It seemed as if my son's comprehension of mental illness was well on it's way to understanding. And I felt proud that I hadn't shielded him like the other mom in the grocery store did. It's better to know these things than to sweep them under the rug.
Well, a week later, Roan came to see a rehearsal of my latest show at the Groundlings. I am a sketch comedian and improviser, and my performances range from somewhat grounded and sarcastic or pointed to flat out, well ... crazy? He's at the age where I like to share with him the stuff that's age appropriate. I mean, experts say it's very good for kids to see their parents at work, particularly if their parents love their work. It's healthy for them to see their parent loving something in addition to being a parent.

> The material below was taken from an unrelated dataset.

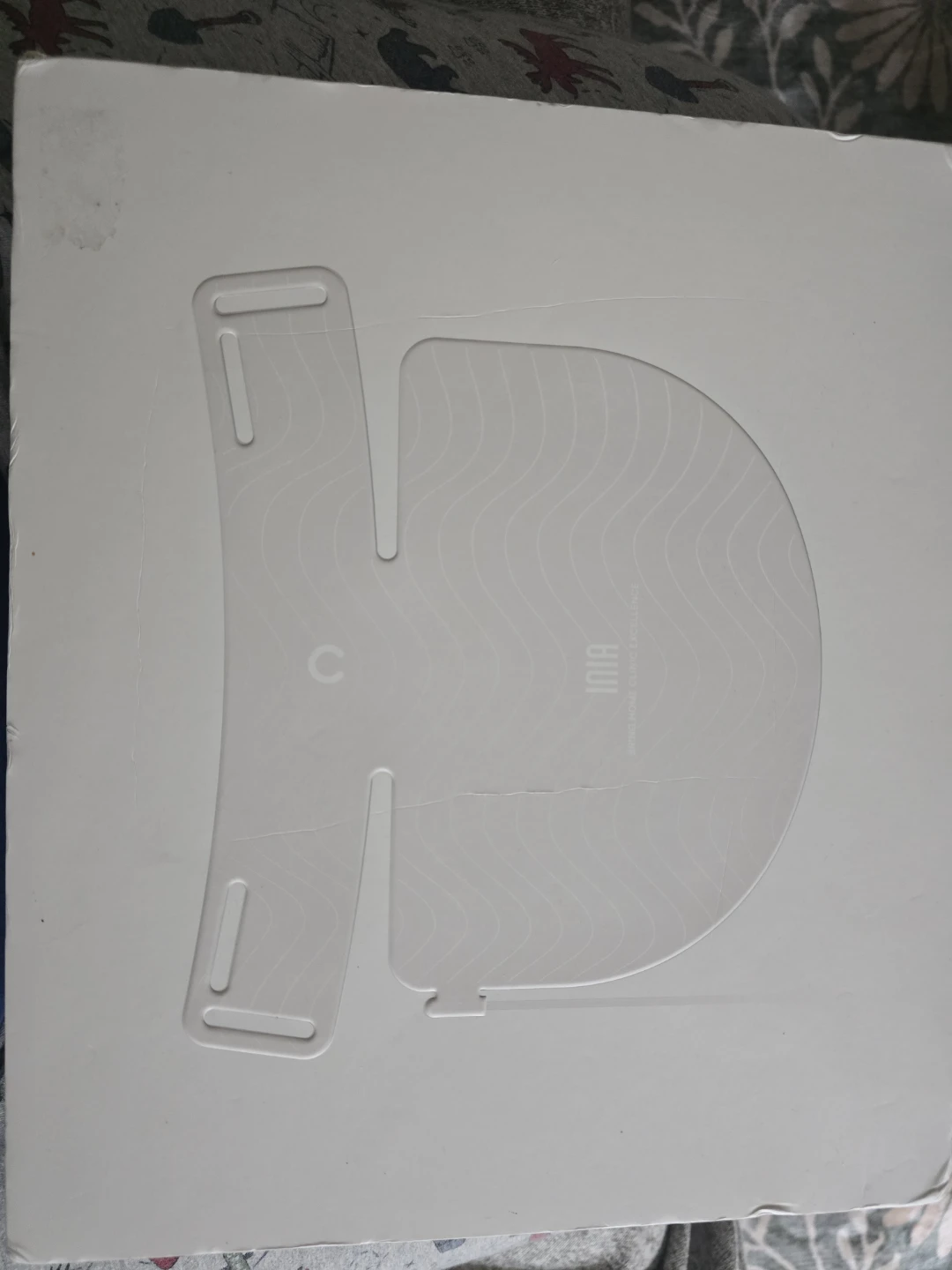 INIA GLOW-2 Neck & Chest LED light therapy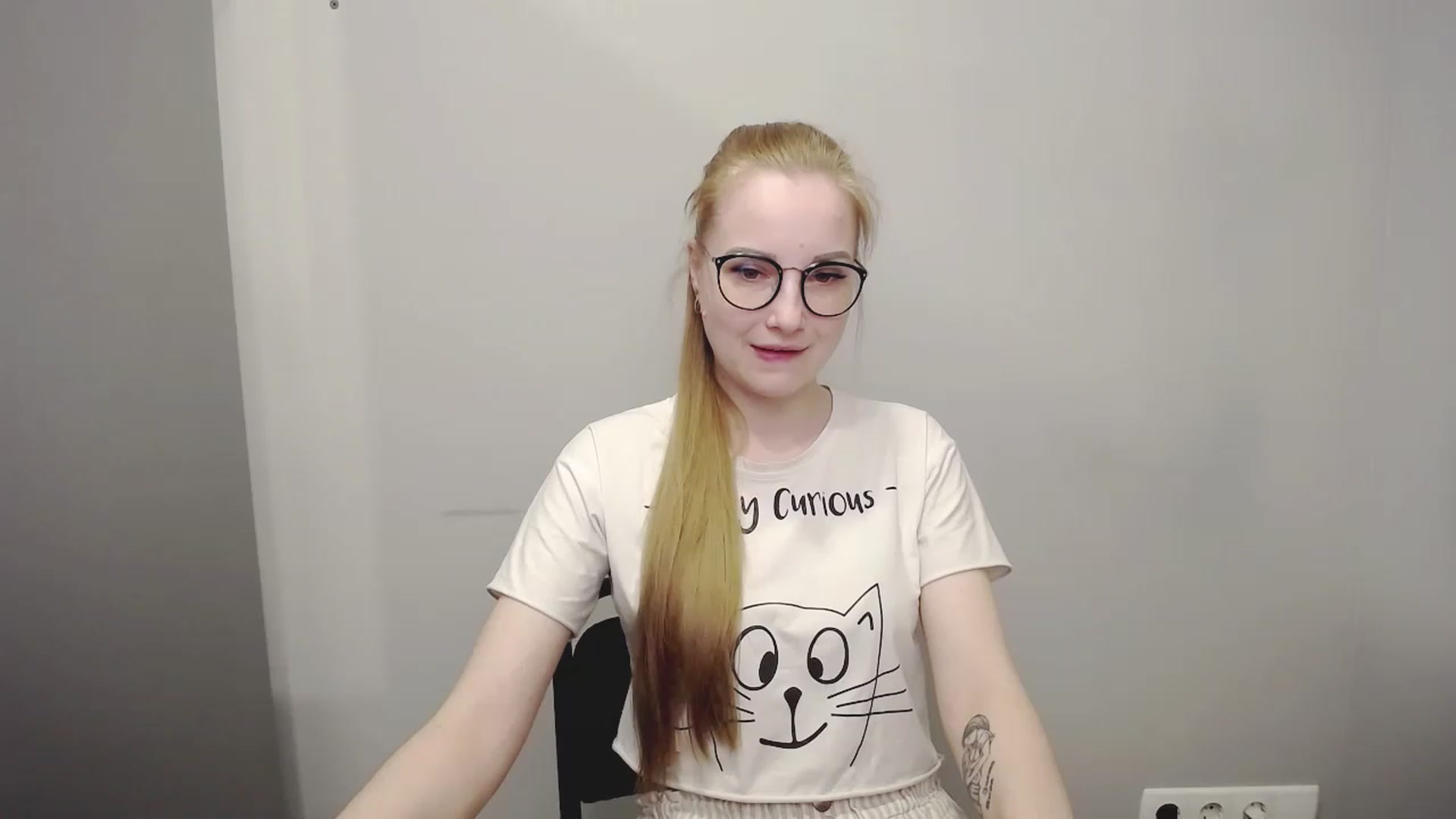 Gallery image thumbnail from JessPretty_'s myfreecams stream on, 04/20/2023, 01:27 image 1 of 20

On this particular rehearsal, Roan witnessed me dressing up in a huge ridiculous wig speaking kindly, but weirdly, to her pet lizard. I was playing a crazy person.
"OK mom, that was funny. But were you making fun of a person with a mental handicap?" Roan was taking me to task.
"Ummmm," I stammered. "No. No! Never! You see, in my work, we try to find the eccentric ..."
"Eccentric, I mean, it means, OK, well, it means crazy. But grounded like crazy. Like, I'm not crazy crazy, I'm fun crazy. Like a fun weird person. That's what actors do," I say.
"If I saw that person in the grocery store, I would not think she was fun and weird. But you do what you want," my son says.